Problem to solve:
The whole listing that follows, pictures excepted, should be printed again exactly as given.

Available data:

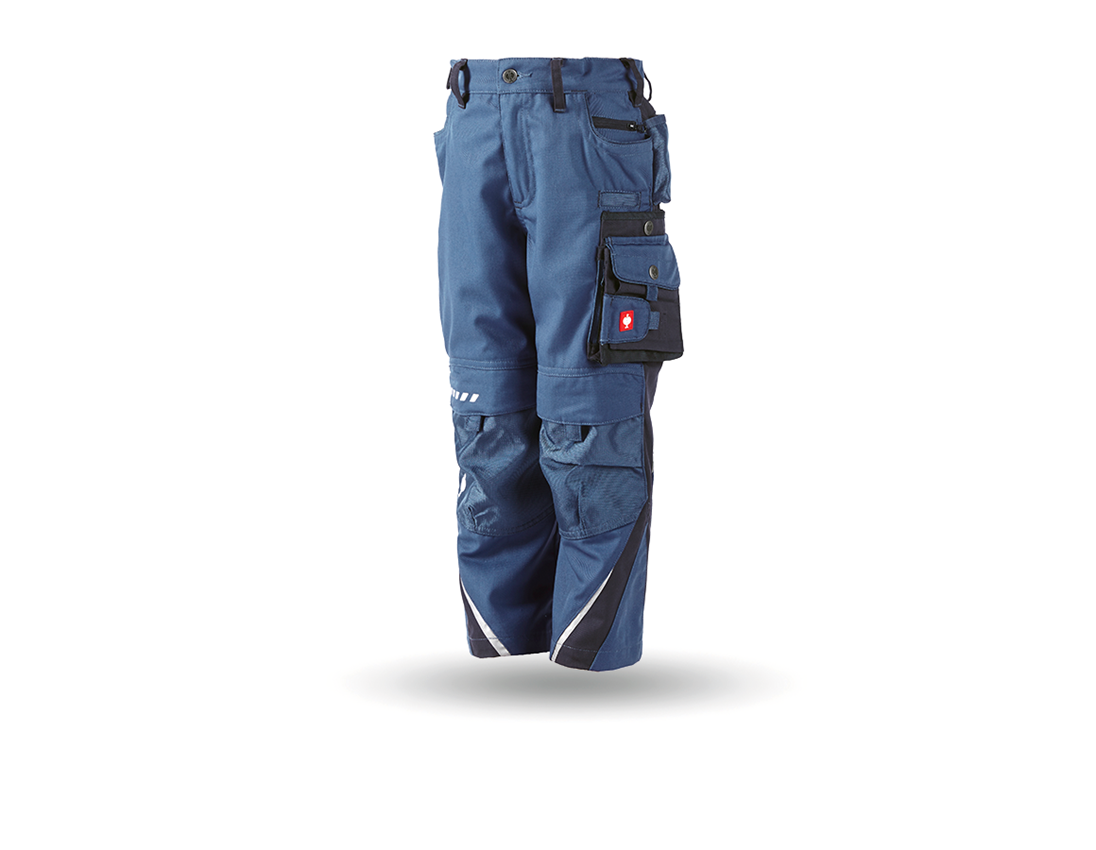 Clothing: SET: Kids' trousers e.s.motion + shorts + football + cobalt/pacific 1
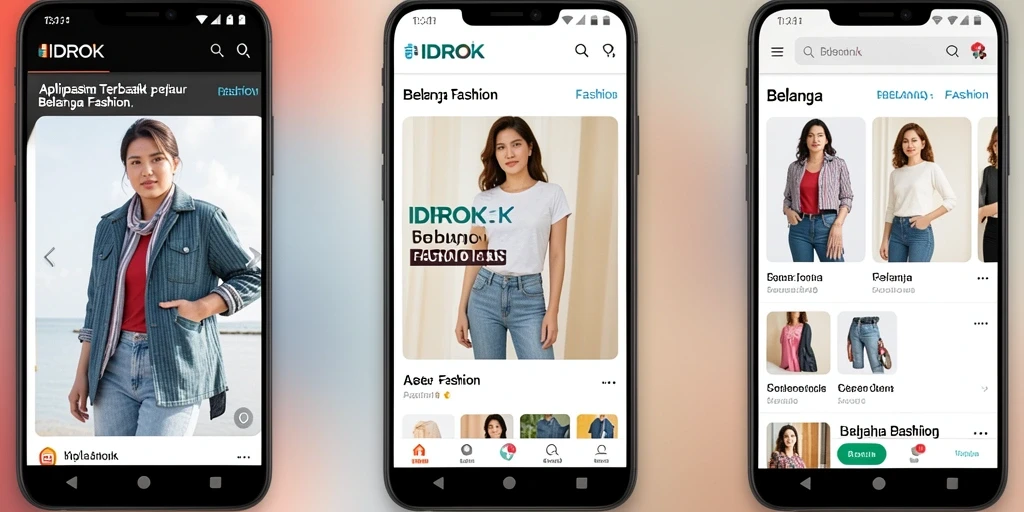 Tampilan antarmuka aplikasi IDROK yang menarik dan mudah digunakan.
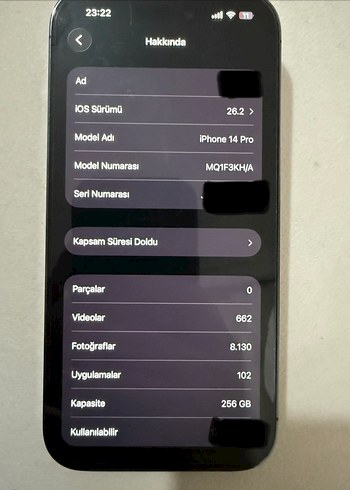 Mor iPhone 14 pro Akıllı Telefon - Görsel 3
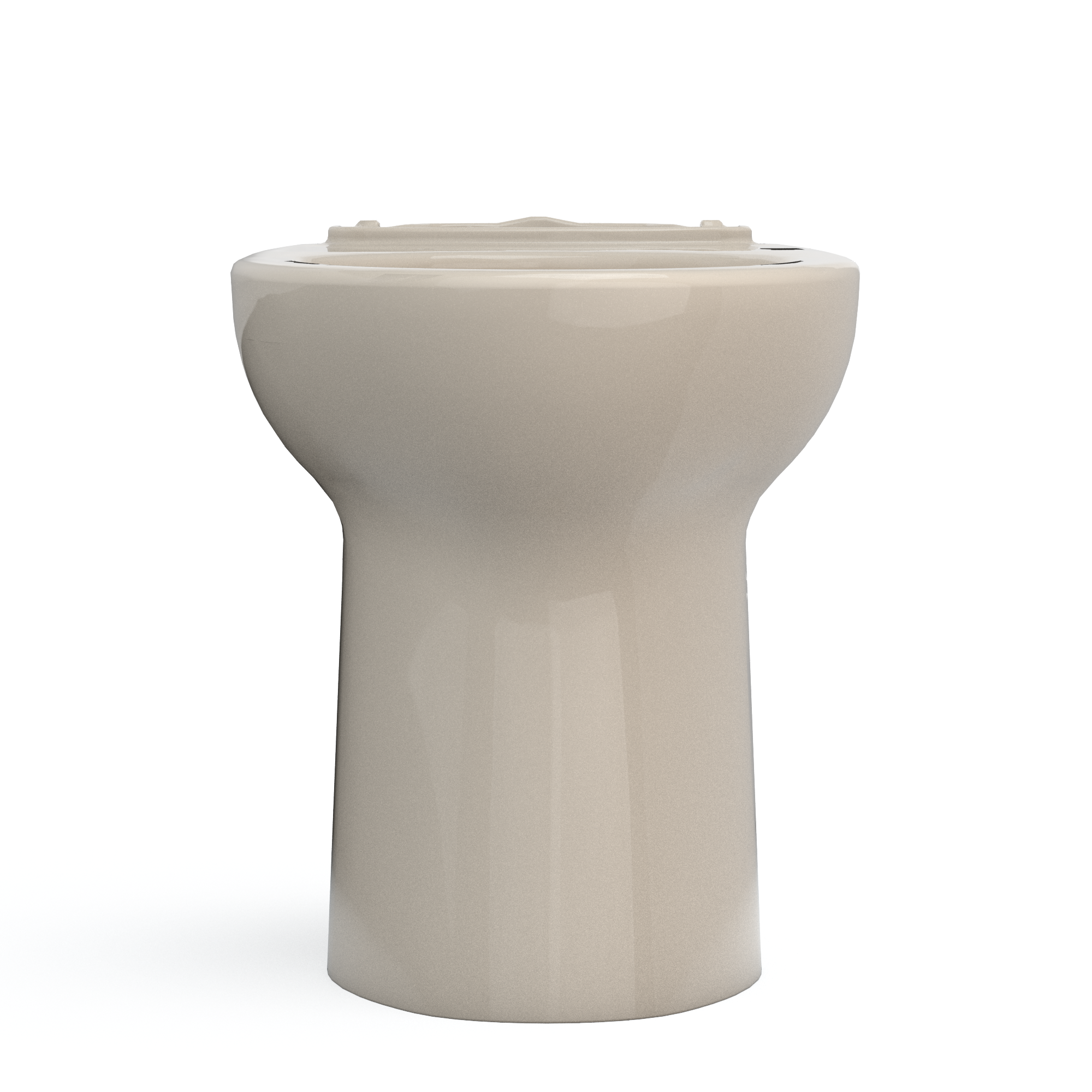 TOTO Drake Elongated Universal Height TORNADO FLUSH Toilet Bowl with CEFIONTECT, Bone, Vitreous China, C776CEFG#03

Result for this exercise:
 Clothing: SET: Kids' trousers e.s.motion + shorts + football + cobalt/pacific 1
 Tampilan antarmuka aplikasi IDROK yang menarik dan mudah digunakan.
 Mor iPhone 14 pro Akıllı Telefon - Görsel 3
 TOTO Drake Elongated Universal Height TORNADO FLUSH Toilet Bowl with CEFIONTECT, Bone, Vitreous China, C776CEFG#03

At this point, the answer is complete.